__The task__. Print the listing below again, exactly. Skip the pictures.

_ _ _ _ _ _ _

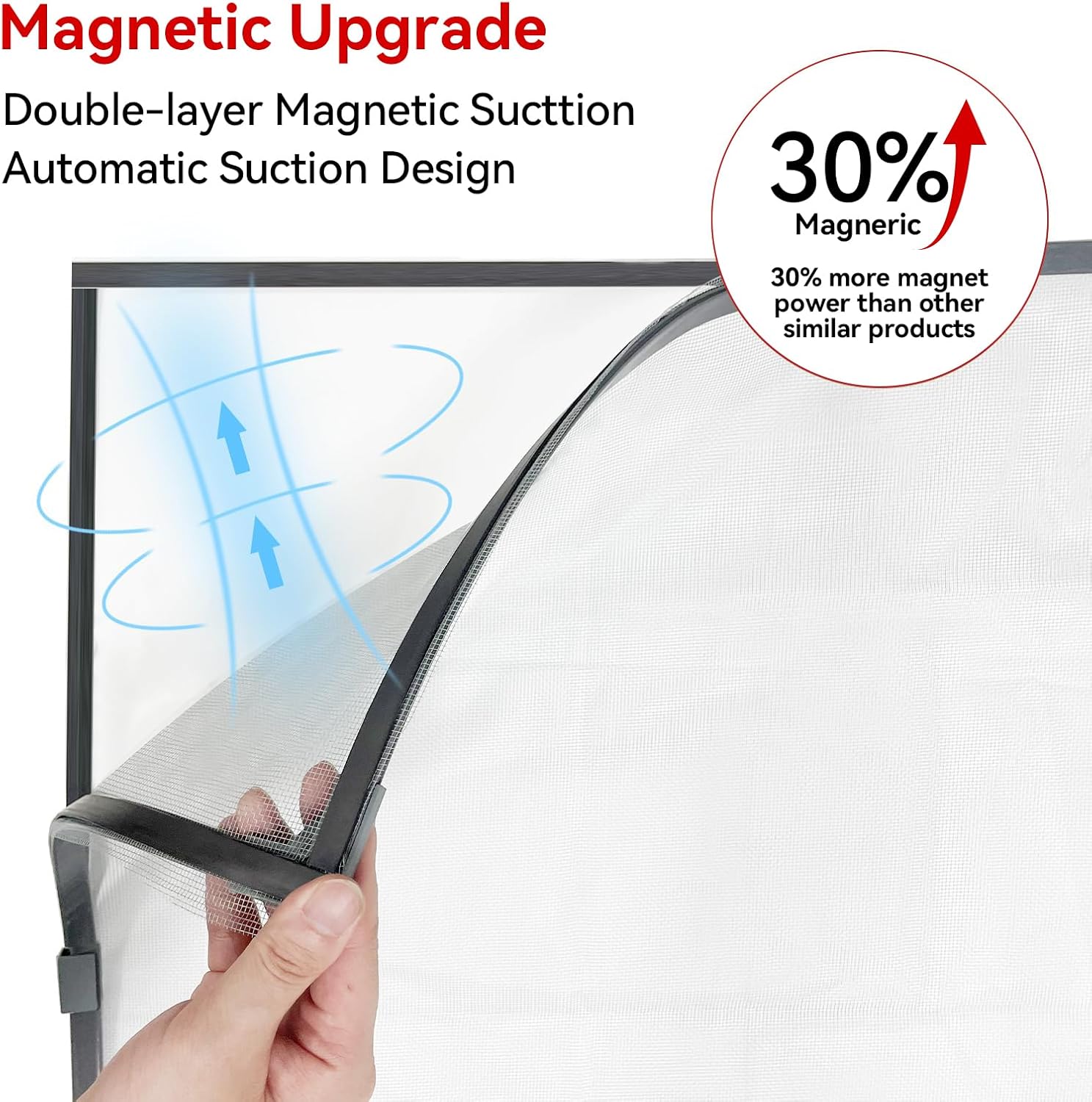 Magnetic Window Screen - DIY Window Screen Window Screens for House Windows Anti Mosquito Mesh Magnetic Screen Window Adjustable Net Fiberglass Fine Screen with Grey Mesh (39''x59'')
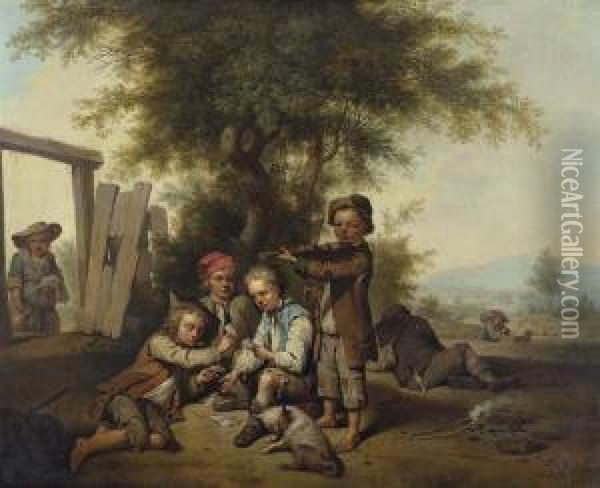 Children At Play. Oil Painting - Joseph Conrad Seekatz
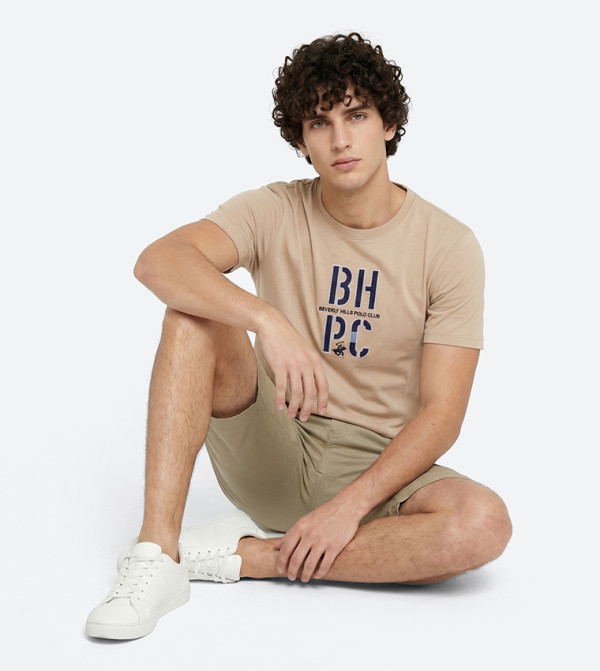 Beverly Hills Polo Club  heat-ready-essentials - Beige Round Neck T-Shirts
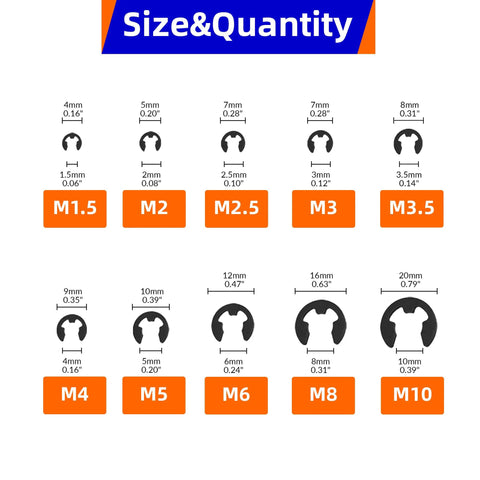 580Pcs E Clip Snap Ring Kit sizes M1.5 to M10 display for automotive and machinery applications, black oxide finish.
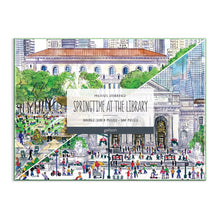 Load image into Gallery viewer, Michael Storrings Springtime at the Library 2-Sided Puzzle (500 pieces)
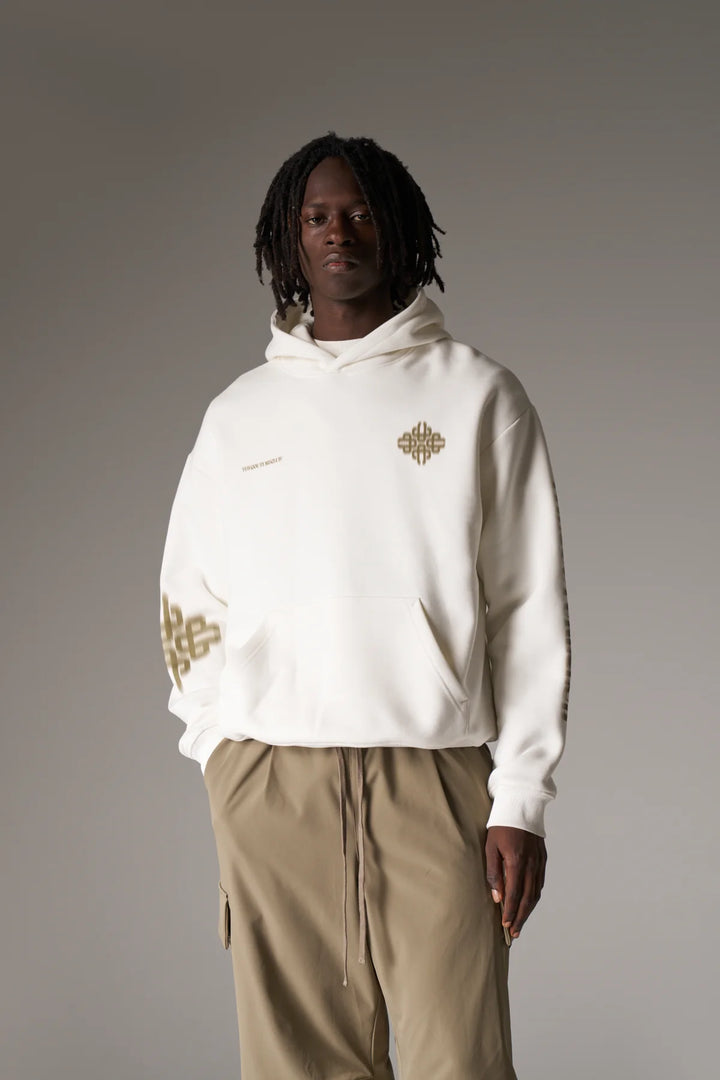 MOTION BLURRED EMBLEM HOODIE KHAKI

_ _ _ _ _ _ _

__Reply__.
 Magnetic Window Screen - DIY Window Screen Window Screens for House Windows Anti Mosquito Mesh Magnetic Screen Window Adjustable Net Fiberglass Fine Screen with Grey Mesh (39''x59'')
 Children At Play. Oil Painting - Joseph Conrad Seekatz
 Beverly Hills Polo Club  heat-ready-essentials - Beige Round Neck T-Shirts
 580Pcs E Clip Snap Ring Kit sizes M1.5 to M10 display for automotive and machinery applications, black oxide finish.
 Load image into Gallery viewer, Michael Storrings Springtime at the Library 2-Sided Puzzle (500 pieces)
 MOTION BLURRED EMBLEM HOODIE KHAKI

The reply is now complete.